- _Exercise directions_: Pictures are to be left out. Return exactly the lines below from the one with "法式度假长拖尾无袖氛围感吊带连衣裙女夏季新款修身显瘦A字短裙" up to and including the one with "Cartoon Pumpkin Duvet".

- _Exercise data_:
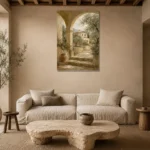 Olive Grove Villa Mediterranean Architecture Wall Art Canvas Print presented in a sophisticated home setting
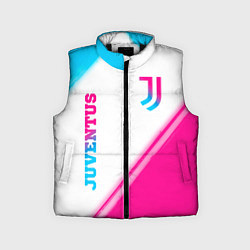 Детский жилет Juventus neon gradient style вертикально, цвет: 3D-черный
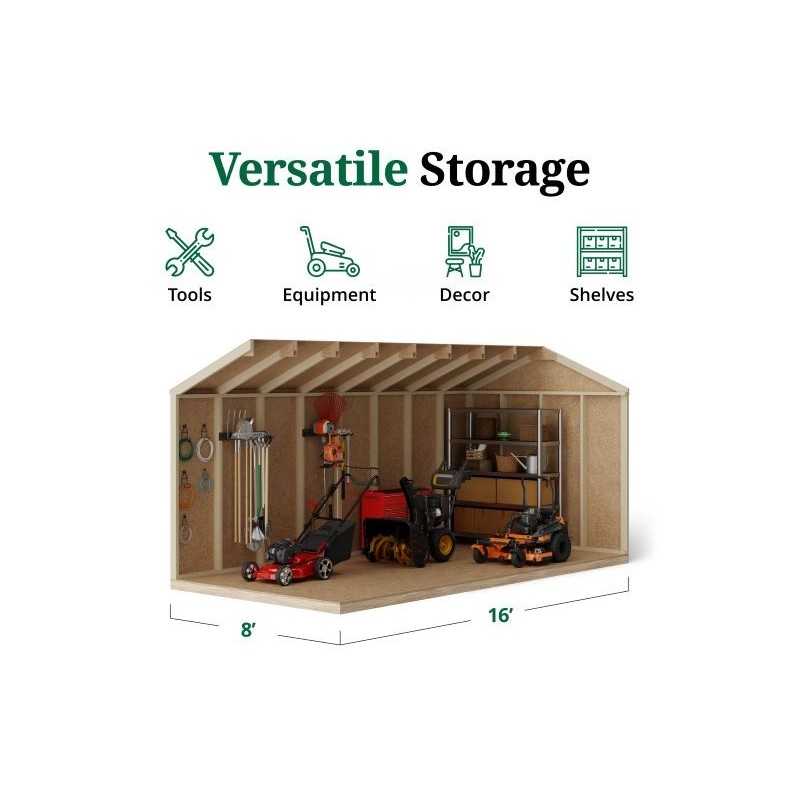 Little Cottage Co. Value Gable 8x16 Wood Storage Shed Kit - Side Entry (8x16 VGS-PC)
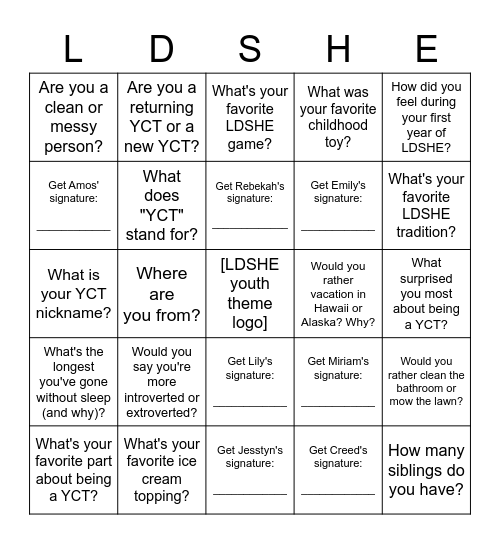 YCT Bingo ~ LDSHE 2022 Bingo Card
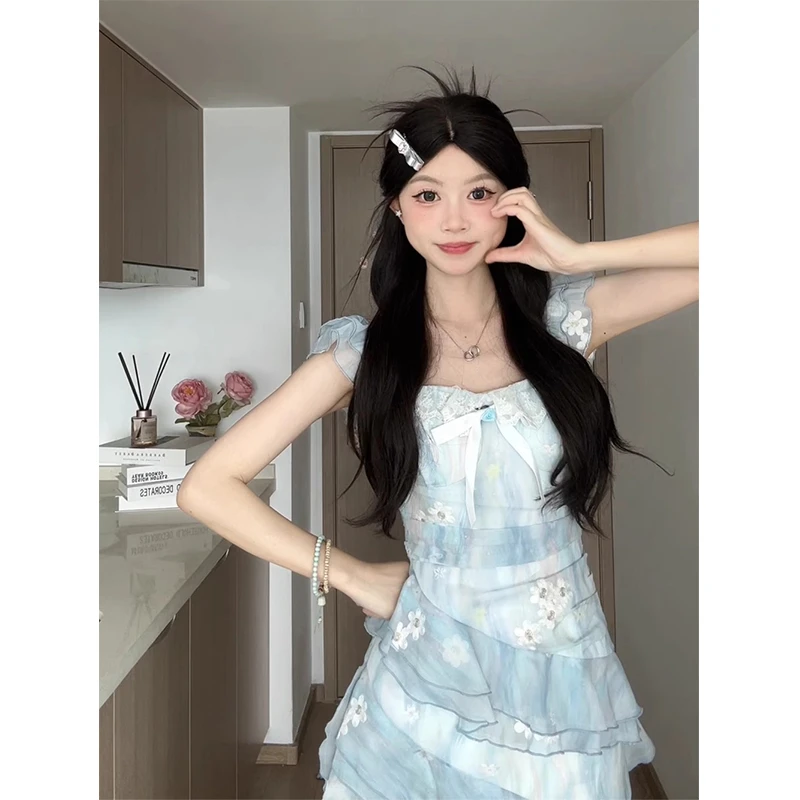 法式度假长拖尾无袖氛围感吊带连衣裙女夏季新款修身显瘦A字短裙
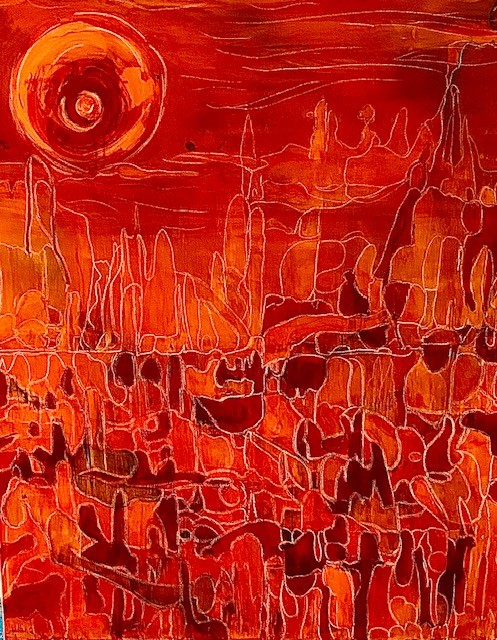 "Abendstimmung in der Sahara", Leinwand, 100 mal 80 cm, Tinte, Acrylfarbe, Kreide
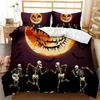 Cartoon Pumpkin Duvet Cover Gothic Halloween Skull Bedding Set Polyester Lantern Ghost Comforter Cover King For Boys Girls Decor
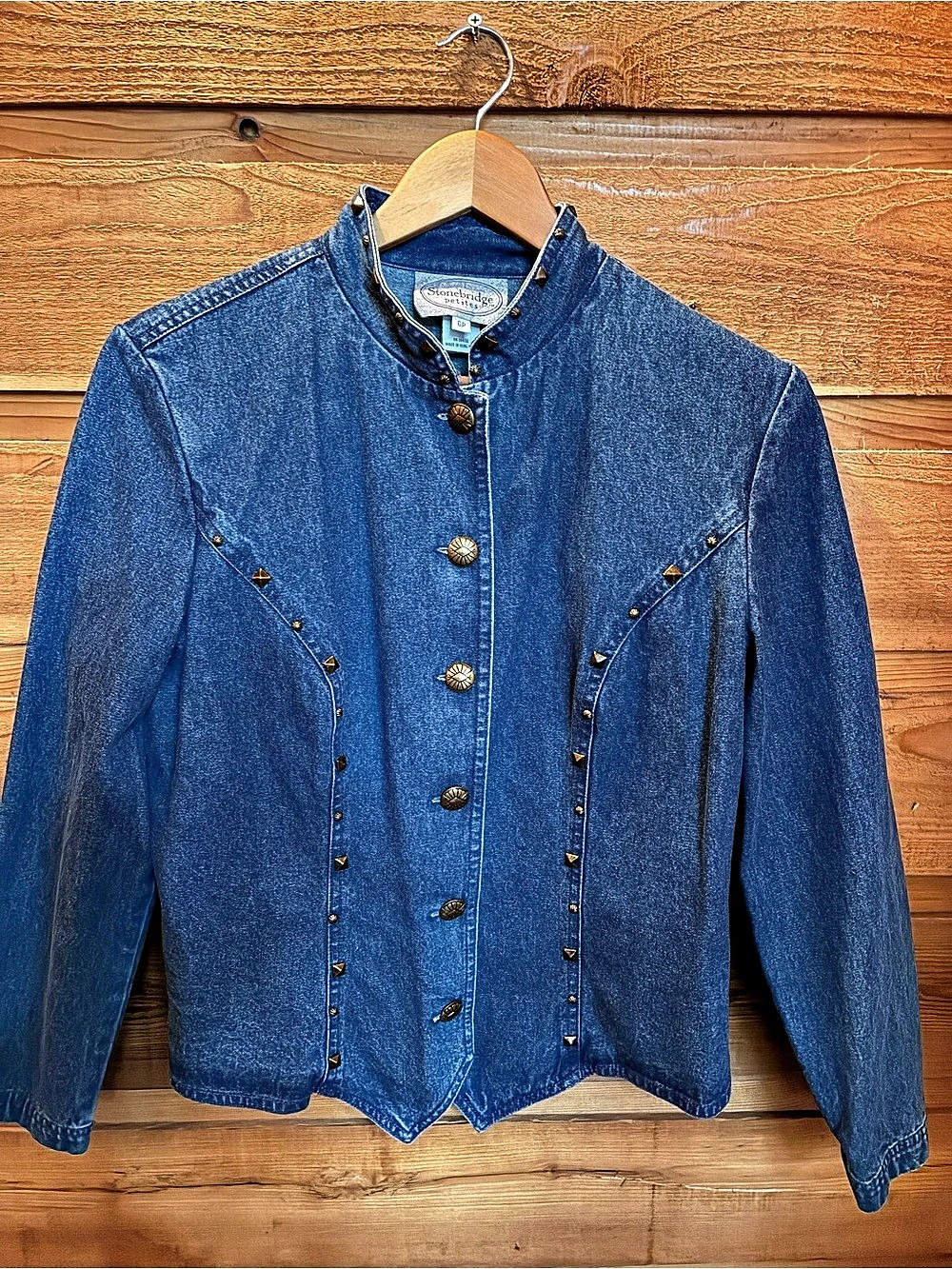 Stonebridge petites Denim Studded Jacket Size 6P Like New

- _Exercise output_:
 法式度假长拖尾无袖氛围感吊带连衣裙女夏季新款修身显瘦A字短裙
 "Abendstimmung in der Sahara", Leinwand, 100 mal 80 cm, Tinte, Acrylfarbe, Kreide
 Cartoon Pumpkin Duvet Cover Gothic Halloween Skull Bedding Set Polyester Lantern Ghost Comforter Cover King For Boys Girls Decor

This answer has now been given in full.